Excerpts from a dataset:

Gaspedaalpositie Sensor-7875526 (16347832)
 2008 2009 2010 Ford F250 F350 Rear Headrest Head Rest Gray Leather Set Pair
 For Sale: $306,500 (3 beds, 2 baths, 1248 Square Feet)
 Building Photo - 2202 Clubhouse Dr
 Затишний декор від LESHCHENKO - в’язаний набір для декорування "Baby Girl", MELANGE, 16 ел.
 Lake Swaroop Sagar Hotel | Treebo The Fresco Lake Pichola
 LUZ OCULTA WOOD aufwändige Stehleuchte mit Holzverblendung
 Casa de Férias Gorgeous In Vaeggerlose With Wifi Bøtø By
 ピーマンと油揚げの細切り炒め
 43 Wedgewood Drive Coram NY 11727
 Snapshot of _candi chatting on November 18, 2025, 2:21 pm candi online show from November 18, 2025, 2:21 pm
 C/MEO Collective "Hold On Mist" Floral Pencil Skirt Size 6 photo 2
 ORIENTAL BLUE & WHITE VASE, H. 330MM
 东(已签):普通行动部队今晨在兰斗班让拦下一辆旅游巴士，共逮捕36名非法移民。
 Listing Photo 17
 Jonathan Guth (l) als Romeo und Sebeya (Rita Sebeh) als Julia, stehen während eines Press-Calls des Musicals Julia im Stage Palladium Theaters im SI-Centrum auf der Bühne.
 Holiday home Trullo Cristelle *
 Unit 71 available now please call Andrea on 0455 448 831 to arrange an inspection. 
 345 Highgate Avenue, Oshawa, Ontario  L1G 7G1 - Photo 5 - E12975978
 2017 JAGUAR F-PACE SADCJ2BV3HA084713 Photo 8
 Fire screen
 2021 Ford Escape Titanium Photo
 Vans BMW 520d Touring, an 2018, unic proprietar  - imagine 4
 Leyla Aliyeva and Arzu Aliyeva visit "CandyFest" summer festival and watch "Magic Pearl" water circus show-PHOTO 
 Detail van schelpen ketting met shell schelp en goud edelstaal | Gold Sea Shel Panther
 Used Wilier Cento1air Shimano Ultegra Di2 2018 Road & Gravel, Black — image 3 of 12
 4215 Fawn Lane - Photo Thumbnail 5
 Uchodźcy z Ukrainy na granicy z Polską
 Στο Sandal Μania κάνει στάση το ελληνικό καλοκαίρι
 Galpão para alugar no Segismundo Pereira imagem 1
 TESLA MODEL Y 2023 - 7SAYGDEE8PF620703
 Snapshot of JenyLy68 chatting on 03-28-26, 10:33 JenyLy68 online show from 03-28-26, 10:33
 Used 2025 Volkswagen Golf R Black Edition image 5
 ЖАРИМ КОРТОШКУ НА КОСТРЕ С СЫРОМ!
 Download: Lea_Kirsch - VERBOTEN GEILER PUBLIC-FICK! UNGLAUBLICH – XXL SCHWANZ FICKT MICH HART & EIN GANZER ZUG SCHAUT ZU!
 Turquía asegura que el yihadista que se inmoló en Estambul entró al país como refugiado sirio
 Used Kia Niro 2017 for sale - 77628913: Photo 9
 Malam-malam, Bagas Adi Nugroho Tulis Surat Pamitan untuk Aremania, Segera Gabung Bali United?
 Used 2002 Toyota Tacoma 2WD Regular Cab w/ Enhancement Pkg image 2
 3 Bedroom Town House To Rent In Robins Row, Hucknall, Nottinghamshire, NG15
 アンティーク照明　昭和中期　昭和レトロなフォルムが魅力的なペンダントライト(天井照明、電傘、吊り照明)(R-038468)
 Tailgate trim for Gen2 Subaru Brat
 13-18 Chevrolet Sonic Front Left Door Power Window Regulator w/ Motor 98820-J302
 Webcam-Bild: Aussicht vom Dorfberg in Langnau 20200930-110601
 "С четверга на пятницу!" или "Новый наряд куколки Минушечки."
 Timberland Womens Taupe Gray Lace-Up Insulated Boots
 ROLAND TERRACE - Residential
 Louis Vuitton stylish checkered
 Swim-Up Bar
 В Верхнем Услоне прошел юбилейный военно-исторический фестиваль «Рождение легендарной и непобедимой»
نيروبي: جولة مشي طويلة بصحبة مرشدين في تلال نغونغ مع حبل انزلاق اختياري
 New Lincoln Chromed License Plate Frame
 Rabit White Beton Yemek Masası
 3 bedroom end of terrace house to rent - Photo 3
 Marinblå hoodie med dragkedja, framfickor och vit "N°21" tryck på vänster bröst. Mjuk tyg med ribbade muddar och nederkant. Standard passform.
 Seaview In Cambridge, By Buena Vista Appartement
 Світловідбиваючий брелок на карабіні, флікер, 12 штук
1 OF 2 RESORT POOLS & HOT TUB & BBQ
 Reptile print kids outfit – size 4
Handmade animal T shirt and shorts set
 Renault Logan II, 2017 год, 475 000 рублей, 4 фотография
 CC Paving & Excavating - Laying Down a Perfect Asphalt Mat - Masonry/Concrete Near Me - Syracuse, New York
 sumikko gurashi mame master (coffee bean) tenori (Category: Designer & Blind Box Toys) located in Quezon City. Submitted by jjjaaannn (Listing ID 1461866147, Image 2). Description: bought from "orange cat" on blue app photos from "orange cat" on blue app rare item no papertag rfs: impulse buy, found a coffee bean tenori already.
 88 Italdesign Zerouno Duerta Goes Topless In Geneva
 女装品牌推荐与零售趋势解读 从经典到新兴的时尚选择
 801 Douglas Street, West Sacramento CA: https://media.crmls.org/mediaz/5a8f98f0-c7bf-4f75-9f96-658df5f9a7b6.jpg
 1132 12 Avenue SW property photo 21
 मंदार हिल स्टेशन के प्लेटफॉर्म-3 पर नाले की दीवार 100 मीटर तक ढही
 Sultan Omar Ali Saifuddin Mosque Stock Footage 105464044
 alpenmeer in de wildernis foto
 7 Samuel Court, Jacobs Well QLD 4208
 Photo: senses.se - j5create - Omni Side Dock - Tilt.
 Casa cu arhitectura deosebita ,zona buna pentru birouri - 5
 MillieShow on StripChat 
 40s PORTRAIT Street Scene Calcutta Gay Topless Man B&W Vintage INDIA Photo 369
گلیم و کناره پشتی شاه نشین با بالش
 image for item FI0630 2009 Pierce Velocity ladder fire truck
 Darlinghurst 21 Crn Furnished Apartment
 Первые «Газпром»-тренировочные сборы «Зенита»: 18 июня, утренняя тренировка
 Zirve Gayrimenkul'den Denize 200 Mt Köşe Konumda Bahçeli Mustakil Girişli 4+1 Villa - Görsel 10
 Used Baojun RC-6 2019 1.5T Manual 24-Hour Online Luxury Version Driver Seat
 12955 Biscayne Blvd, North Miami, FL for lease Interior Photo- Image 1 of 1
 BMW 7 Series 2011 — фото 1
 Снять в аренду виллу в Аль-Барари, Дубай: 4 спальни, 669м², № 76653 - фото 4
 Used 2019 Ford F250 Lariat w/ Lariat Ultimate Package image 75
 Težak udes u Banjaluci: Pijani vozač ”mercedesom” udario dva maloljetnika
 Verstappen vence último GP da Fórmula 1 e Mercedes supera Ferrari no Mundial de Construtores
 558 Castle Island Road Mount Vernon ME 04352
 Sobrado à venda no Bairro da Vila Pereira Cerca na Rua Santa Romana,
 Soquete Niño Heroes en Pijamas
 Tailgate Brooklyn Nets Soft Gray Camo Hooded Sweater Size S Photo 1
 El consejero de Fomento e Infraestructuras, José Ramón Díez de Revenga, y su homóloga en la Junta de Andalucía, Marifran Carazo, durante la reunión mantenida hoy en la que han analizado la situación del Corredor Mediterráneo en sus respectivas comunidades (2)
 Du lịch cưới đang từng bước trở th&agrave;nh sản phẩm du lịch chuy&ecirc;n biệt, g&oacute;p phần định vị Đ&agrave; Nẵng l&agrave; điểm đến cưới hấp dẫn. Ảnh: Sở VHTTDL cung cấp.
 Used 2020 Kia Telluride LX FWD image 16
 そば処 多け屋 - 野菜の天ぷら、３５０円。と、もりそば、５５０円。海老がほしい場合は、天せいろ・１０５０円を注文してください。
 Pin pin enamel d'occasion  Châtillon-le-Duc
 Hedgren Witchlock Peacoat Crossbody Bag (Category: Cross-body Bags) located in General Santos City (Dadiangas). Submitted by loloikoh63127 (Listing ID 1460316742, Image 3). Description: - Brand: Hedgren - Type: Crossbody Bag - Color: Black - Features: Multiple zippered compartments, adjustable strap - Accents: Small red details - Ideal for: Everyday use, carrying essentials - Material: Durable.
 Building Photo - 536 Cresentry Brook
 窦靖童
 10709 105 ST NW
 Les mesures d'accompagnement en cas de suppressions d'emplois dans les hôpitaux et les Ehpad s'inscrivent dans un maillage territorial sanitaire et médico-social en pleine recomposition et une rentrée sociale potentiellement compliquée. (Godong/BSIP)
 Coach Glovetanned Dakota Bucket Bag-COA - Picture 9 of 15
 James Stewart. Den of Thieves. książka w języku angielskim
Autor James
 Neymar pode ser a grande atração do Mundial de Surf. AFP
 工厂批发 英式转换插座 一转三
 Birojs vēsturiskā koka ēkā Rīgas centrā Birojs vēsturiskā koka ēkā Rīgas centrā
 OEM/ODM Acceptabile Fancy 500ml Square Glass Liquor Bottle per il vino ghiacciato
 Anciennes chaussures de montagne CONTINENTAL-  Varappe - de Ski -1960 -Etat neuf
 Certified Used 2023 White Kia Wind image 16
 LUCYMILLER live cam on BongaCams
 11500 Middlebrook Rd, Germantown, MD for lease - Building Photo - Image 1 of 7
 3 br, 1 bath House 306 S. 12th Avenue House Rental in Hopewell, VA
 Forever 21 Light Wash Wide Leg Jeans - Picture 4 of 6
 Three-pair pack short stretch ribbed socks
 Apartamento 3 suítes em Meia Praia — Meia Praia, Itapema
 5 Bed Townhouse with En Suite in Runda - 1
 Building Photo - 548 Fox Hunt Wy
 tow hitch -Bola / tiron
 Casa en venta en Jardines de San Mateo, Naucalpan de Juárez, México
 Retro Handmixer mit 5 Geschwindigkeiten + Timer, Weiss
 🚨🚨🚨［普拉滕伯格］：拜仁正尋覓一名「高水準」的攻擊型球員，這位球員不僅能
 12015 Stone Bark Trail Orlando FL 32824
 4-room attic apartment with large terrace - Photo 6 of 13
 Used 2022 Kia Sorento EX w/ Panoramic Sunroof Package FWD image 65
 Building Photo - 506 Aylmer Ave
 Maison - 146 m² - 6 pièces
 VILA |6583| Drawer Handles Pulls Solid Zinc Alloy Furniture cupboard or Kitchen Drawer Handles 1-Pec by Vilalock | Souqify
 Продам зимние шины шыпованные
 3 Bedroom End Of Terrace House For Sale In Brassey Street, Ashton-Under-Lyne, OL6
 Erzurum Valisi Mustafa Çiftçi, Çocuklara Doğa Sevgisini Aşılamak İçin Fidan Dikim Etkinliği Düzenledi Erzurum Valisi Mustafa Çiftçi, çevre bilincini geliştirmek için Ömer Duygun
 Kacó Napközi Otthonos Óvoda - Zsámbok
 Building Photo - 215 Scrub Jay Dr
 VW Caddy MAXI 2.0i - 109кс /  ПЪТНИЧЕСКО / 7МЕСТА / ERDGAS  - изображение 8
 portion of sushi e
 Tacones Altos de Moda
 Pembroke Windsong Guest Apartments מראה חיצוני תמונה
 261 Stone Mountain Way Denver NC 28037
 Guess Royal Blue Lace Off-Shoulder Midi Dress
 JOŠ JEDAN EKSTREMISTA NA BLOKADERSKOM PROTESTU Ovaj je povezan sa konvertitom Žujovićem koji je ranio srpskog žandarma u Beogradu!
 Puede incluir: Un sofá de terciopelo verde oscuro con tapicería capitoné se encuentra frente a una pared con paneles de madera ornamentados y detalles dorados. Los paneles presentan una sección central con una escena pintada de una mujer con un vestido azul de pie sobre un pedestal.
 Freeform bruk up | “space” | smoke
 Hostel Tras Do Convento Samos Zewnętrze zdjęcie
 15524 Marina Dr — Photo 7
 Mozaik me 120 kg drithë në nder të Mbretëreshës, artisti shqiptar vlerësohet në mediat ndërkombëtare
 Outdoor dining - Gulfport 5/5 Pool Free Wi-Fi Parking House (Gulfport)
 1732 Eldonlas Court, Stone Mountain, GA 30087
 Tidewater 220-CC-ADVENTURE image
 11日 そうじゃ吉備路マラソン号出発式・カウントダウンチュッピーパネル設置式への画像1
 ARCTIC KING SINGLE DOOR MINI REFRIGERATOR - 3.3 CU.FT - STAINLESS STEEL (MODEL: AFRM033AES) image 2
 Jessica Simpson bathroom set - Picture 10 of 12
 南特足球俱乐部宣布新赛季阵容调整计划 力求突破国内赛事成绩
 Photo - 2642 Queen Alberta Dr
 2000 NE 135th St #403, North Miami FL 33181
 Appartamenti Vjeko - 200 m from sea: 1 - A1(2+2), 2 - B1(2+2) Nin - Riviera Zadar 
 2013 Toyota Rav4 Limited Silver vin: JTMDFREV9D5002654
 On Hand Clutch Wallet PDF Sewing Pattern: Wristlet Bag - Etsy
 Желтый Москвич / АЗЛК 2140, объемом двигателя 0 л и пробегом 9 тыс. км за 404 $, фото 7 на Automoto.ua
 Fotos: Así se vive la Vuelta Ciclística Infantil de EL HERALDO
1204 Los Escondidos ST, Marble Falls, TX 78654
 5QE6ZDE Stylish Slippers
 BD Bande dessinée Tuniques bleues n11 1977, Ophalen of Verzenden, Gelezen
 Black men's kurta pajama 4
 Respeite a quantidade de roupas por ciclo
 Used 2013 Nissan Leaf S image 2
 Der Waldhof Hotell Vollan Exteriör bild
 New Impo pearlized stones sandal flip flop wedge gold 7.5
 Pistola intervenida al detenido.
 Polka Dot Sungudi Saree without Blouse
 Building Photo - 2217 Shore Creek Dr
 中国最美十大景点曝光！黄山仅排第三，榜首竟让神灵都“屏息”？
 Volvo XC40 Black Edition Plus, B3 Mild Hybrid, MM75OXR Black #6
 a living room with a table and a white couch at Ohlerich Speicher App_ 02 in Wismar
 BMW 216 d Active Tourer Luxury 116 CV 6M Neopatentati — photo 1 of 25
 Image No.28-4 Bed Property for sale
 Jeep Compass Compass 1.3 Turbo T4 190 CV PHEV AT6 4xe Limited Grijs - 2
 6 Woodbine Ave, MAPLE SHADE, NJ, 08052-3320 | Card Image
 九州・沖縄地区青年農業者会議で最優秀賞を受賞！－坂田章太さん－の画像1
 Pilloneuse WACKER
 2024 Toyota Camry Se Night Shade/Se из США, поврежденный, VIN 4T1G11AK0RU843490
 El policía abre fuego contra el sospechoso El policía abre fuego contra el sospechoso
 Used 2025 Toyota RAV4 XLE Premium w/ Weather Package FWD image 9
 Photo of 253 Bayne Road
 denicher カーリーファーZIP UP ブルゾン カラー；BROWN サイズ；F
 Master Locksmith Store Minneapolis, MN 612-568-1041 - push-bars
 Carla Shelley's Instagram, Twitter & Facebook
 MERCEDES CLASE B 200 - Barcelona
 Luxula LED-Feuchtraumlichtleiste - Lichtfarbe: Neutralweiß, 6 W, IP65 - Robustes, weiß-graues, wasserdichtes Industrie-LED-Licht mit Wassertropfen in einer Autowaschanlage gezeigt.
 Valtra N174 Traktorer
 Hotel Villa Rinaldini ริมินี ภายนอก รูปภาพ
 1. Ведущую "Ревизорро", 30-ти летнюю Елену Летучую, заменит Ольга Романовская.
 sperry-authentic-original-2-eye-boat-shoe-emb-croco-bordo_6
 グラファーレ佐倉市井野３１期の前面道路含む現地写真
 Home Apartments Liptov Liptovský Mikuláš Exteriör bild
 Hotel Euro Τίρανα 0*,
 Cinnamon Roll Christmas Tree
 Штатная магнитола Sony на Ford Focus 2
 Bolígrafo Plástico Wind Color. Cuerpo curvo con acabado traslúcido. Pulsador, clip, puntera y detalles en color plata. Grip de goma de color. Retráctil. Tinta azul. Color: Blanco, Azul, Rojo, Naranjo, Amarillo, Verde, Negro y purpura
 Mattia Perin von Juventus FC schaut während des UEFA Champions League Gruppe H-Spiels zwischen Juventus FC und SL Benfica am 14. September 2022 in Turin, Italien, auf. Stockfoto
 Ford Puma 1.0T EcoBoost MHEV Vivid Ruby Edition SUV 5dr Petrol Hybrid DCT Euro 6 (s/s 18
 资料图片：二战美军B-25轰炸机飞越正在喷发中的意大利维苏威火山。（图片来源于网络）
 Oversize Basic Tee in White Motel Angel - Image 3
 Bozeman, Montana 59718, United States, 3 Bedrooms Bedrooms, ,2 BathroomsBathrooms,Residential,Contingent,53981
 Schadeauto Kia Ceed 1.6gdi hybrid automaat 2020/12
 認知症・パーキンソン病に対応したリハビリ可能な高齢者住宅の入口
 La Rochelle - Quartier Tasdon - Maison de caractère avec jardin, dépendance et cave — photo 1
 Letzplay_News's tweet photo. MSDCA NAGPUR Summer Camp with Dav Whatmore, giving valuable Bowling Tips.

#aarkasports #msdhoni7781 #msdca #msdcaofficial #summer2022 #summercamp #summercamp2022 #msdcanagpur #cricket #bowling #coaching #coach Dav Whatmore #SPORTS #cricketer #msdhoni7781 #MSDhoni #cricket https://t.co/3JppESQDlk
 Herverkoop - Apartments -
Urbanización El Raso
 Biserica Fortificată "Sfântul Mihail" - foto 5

WORK REQUEST: Scan the data, and report each line that uses the word "Villa".

RESULT FOR THIS EXERCISE:
 Zirve Gayrimenkul'den Denize 200 Mt Köşe Konumda Bahçeli Mustakil Girişli 4+1 Villa - Görsel 10
 Hotel Villa Rinaldini ริมินี ภายนอก รูปภาพ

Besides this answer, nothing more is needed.